___ Material to process ___

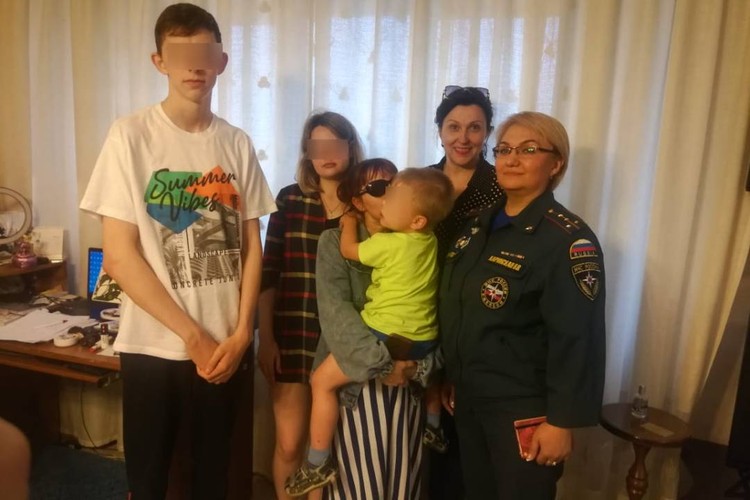 Спасители с женщиной и ее ребенком.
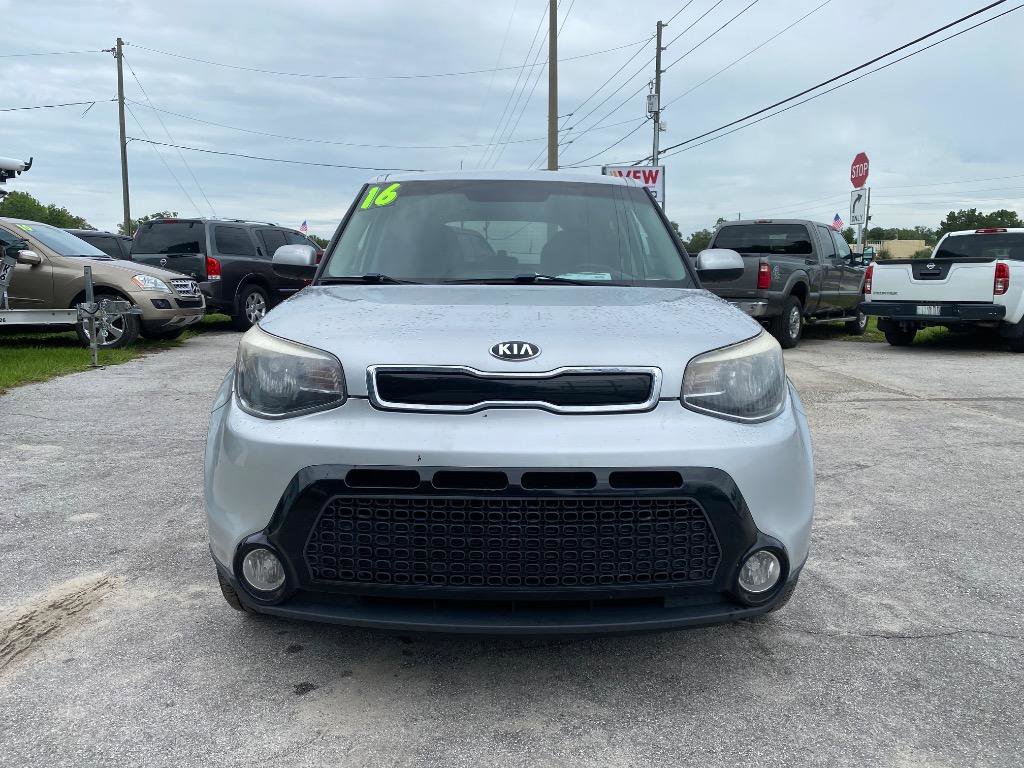 Used 2016 Kia Soul + FWD image 4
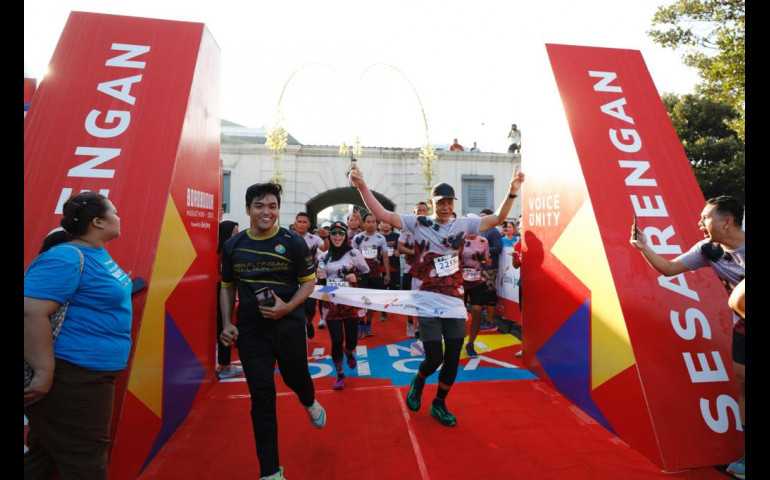 Ganjar dan Istri Meriahkan Bank Jateng Friendship Run, Pemanasan Jelang Borobudur Marathon 2023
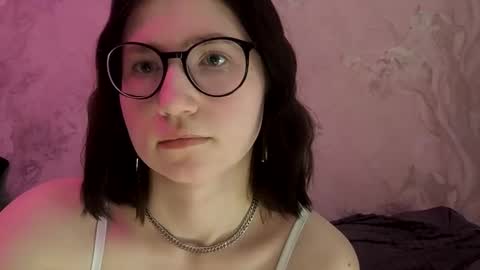 Snapshot of kittys0 chatting on 09-25-25, 04:00 kittys0 online show from 09-25-25, 04:00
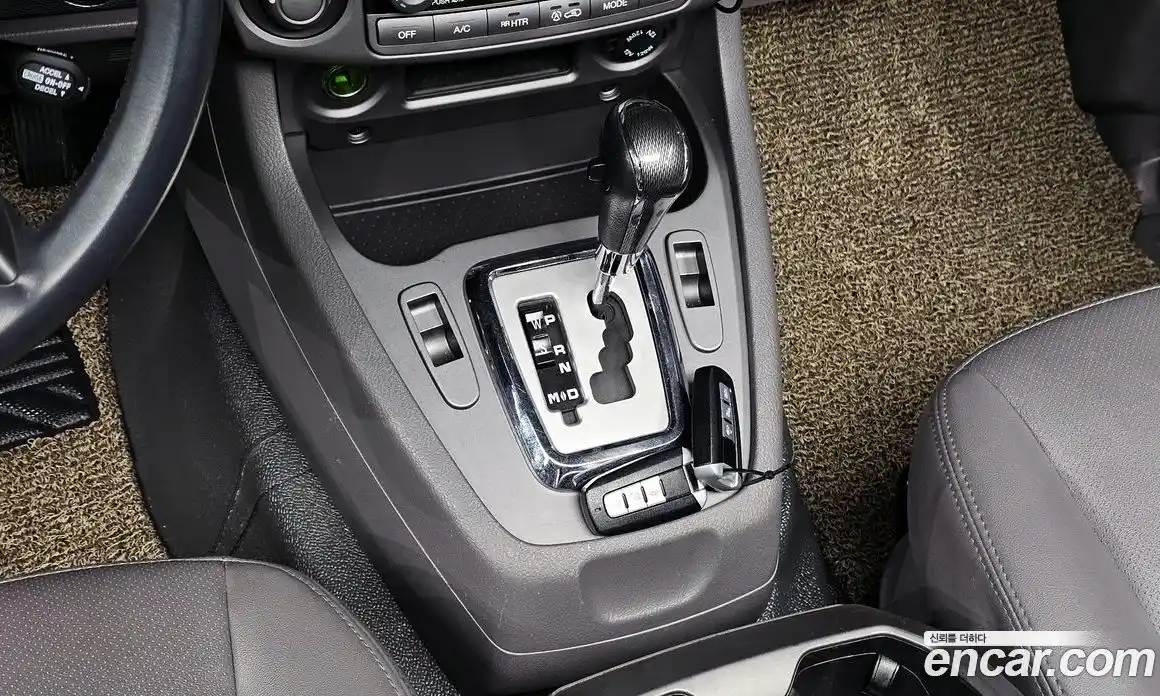 SsangYong Korando 2015 2.0 Автомат в Москве № 26038, фото 9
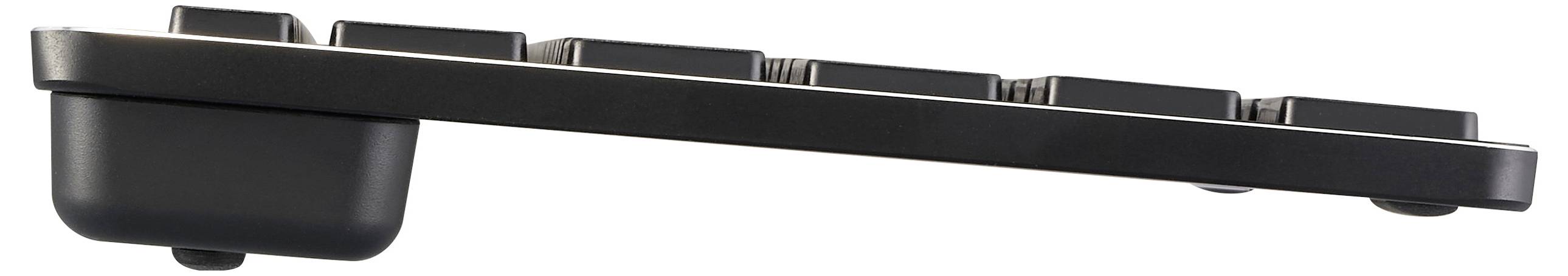 Seitenansicht einer schwarzen Computertastatur, die auf einer erhöhten Neigung steht, mit deutlich erkennbaren Tasten.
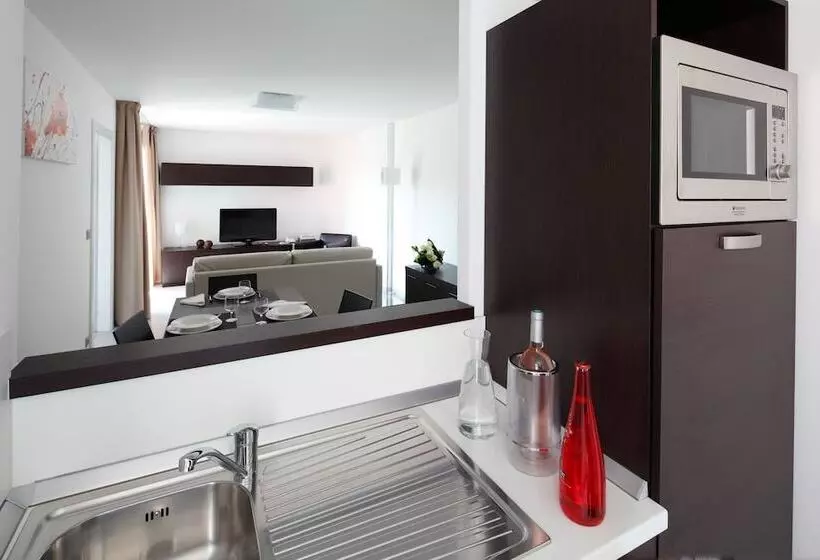 آپارتمان لوکس 1 خوابه, Royal Antibes   Luxury Hotel, Résidence, Beach & Spa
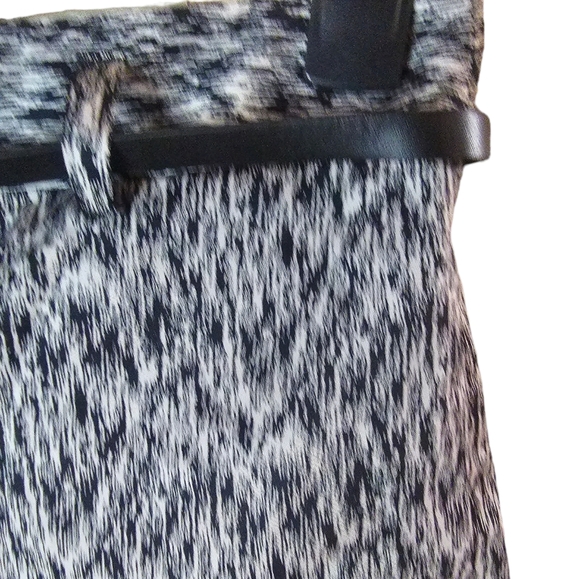 Express women's black/white cuffed bottom dress shorts size 6 - Picture 3 of 5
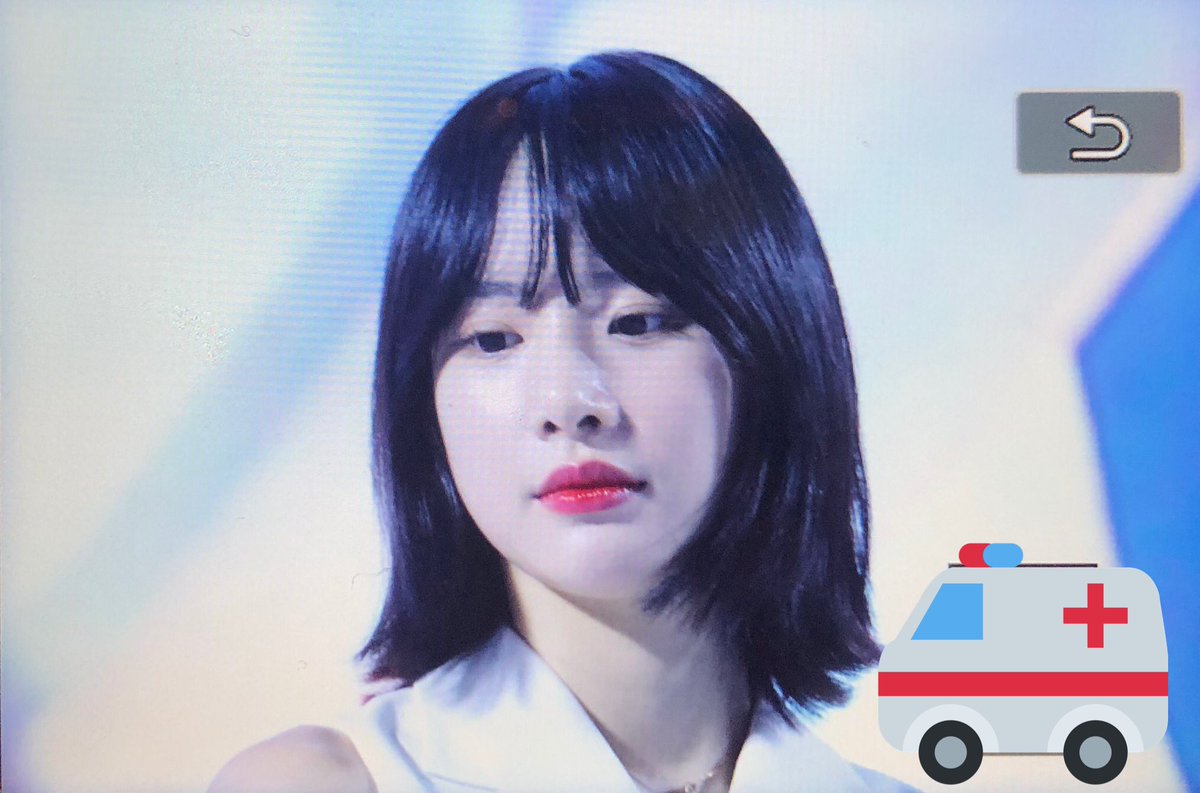 YtBn95's tweet photo. 190720 롯월 프리뷰

 #WJSN #우주소녀 #SEOLA #설아 https://t.co/wS1O2vEDYN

___

Task goal: Above are the records; copy from them only the lines starting at the one containing "Seitenansicht einer schwarzen" and ending at the one containing "YtBn95's tweet photo. 190720 롯월 프리뷰", exactly and without pictures.

Exercise solution:
 Seitenansicht einer schwarzen Computertastatur, die auf einer erhöhten Neigung steht, mit deutlich erkennbaren Tasten.
 آپارتمان لوکس 1 خوابه, Royal Antibes   Luxury Hotel, Résidence, Beach & Spa
 Express women's black/white cuffed bottom dress shorts size 6 - Picture 3 of 5
 YtBn95's tweet photo. 190720 롯월 프리뷰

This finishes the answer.